Je m’en souffris atant et puis chevauchâmes et vînmes à Morlens.

  1. Il y a grande apparence que ces deux dénominations avaient été en usage avant une ordonnance de Philippe-le-Bel, de 1304 ou 1305. On y voit, ainsi que dans une autre de Charles VI, de 1394, les états de la couronne de France divisés en Langue d’Oc et en Langue d’Oil. Le mot de langue y est employé, selon notre ancien langage, pour nation, province : dans l’ordre de Malte on s’en sert encore aujourd’hui. Guillaume de Nangis, dans sa Chronique française manuscrite, désigne les environs de Paris par la langue d’Oil, à l’année 1343, où il est parlé d’une épidémie qui commençait à désoler ce pays vert la fin du mois d’août. Dans la Salade d’Antoine de la Salle, environ 1440, il est dit d’un chevalier inconnu qu’il devait être de Languedoc : Car lui et le plus de ses gens disoient Oc, la langue que l’on parle quant on va à Saint-Jacques.

    Il semble que ces dénominations n’ont pas toujours été attribuées à chacune des provinces comprises cependant sous ce nom générique ; celle qu’on appelait d’abord langue-goth, a seule conservé le nom de Languedoc, Occitania ; tania, pays d’Oc : on disait généralité de Languedoc, et de la partie la plus voisine, généralité de Guyenne.

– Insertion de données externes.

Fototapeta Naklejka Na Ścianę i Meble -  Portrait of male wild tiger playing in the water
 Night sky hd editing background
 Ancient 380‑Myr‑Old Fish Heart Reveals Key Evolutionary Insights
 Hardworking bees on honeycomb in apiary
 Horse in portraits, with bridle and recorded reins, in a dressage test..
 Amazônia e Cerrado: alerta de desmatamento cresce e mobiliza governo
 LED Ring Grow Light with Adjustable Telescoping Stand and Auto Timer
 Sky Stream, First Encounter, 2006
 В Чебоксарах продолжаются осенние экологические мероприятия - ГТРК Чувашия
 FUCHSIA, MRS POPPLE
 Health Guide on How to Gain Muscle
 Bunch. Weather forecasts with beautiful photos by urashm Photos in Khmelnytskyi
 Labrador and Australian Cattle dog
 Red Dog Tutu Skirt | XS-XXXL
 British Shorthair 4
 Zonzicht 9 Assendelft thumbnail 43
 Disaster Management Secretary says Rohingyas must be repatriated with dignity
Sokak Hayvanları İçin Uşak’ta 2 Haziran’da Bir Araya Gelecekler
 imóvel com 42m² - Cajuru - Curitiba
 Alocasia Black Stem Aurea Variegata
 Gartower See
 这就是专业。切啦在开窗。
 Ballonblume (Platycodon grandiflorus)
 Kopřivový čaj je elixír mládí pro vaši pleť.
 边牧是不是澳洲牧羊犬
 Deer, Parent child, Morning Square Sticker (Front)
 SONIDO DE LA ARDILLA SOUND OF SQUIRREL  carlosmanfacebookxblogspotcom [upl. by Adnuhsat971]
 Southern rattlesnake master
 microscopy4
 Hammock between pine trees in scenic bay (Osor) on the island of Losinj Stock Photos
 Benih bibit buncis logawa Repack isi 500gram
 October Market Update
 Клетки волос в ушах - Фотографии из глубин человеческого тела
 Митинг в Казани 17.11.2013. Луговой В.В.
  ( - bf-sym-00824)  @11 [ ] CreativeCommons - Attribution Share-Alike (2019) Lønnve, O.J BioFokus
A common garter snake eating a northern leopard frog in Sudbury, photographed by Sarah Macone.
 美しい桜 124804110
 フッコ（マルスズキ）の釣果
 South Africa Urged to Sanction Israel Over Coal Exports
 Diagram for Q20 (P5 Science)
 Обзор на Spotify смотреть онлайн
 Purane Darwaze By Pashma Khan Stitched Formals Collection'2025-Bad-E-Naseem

    Il en est de même pour les provinces d’Oil. Froissart dit que le duc de Berry eut le gouvernement de la langue d’Oil et de la Picardie ; et la généralité de cette province, aussi bien que celles de Normandie et de Champagne, dans les recettes de l’épargne, sous Charles VIII et Louis XII, sont distinguées de celles de la langue d’Oil.

    Toutes ces distinctions, générales et particulières, ont cessé dès François Ier ; n’est plus parlé dans ses recettes de langue d’Oil ni de langue d’Oc.

    On donna encore le nom générique de Calalane à la langue d’Oc, qui se parlait au delà de la Loire, peut-être à cause de la Catalogne, le terme le plus éloigné de tous ces pays où cette langue était en usage ; et si cette conjecture n’est point dénuée de fondement, il est assez probable que c’est par la même raison sur la langue d’Oil, la langue qui se parlait en deçà de la Loire, aura été appelée la langue picarde. La Picardie était la province septentrionale la plus éloignée de la Loire, comme la Catalogne était au midi à la plus longue distance de cette rivière.

  2. Ceci eut lieu en 1382.
  3. Gaston VII, de la maison de Moncade. Il commença à régner en 1232 et mourut le 22 avril 1290. C’est celui qui bâtit Orthez et fit recueillir les fors du pays.
  4. Gaston VII avait quatre filles et pas d’héritier mâle, Ces quatre filles étaient Constance, l’aînée, mariée à l’infant d’Arragon ; Marguerite, la seconde, mariée à Roger Bernard, comte de Foix ; la troisième Amate, mariée au comte d’Armagnac ; et Guillemette, la quatrième, mariée après la mort de son père.
  5. Froissart se trompe. Le comte d’Armagnac, comme je l’ai dit dans la note précédente, avait épousé la troisième, et le comte de Foix la seconde.
  6. Il s’agit probablement de la guerre avec le roi de Castille en 1283, qui se termina l’année suivante.
  7. Froissart aime beaucoup les grands coups d’épée. Tout ce qui ressemble aux romans de chevalerie a un titre de plus pour lui paraître croyable.